Your answer must consist of one number: how many lines in the records contain "Lexus".

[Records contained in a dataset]
::::::::::

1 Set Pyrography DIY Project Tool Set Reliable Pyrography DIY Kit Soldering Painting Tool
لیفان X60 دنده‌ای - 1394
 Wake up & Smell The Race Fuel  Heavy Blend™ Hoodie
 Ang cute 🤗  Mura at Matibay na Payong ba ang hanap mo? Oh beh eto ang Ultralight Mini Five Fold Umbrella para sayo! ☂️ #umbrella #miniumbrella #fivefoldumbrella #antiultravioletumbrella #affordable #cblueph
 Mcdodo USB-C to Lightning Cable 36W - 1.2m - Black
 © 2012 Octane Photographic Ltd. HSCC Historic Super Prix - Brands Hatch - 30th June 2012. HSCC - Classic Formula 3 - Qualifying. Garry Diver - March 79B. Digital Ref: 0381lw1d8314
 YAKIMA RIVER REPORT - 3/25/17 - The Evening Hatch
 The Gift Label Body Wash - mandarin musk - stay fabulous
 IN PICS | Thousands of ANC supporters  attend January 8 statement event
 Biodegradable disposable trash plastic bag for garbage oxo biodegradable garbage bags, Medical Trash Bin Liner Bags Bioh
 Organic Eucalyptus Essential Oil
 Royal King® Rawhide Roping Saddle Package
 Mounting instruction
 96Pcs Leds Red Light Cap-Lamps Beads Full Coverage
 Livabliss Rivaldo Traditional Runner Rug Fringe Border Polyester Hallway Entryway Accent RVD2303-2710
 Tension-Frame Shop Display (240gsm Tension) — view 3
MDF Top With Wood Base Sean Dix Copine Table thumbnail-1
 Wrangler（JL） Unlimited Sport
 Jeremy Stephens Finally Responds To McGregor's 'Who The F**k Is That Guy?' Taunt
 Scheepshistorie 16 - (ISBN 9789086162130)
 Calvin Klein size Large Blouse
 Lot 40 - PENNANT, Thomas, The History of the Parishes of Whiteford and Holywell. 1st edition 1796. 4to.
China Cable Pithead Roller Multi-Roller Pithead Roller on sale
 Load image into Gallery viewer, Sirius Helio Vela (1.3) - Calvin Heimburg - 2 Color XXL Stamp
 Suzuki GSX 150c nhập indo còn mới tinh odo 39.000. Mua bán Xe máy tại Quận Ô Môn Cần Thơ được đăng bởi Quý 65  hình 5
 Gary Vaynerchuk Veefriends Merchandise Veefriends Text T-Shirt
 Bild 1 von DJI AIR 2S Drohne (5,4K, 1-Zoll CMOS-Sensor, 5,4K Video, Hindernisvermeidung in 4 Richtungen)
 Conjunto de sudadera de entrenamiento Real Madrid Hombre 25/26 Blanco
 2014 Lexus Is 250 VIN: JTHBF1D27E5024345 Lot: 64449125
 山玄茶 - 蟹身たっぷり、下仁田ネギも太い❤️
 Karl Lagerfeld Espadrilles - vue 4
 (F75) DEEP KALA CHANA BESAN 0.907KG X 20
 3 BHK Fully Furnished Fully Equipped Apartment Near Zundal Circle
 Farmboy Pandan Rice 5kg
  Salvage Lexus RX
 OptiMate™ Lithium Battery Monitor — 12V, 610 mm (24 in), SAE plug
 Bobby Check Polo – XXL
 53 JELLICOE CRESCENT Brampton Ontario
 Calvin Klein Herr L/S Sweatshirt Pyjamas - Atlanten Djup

::::::::::

● **Written reply**
2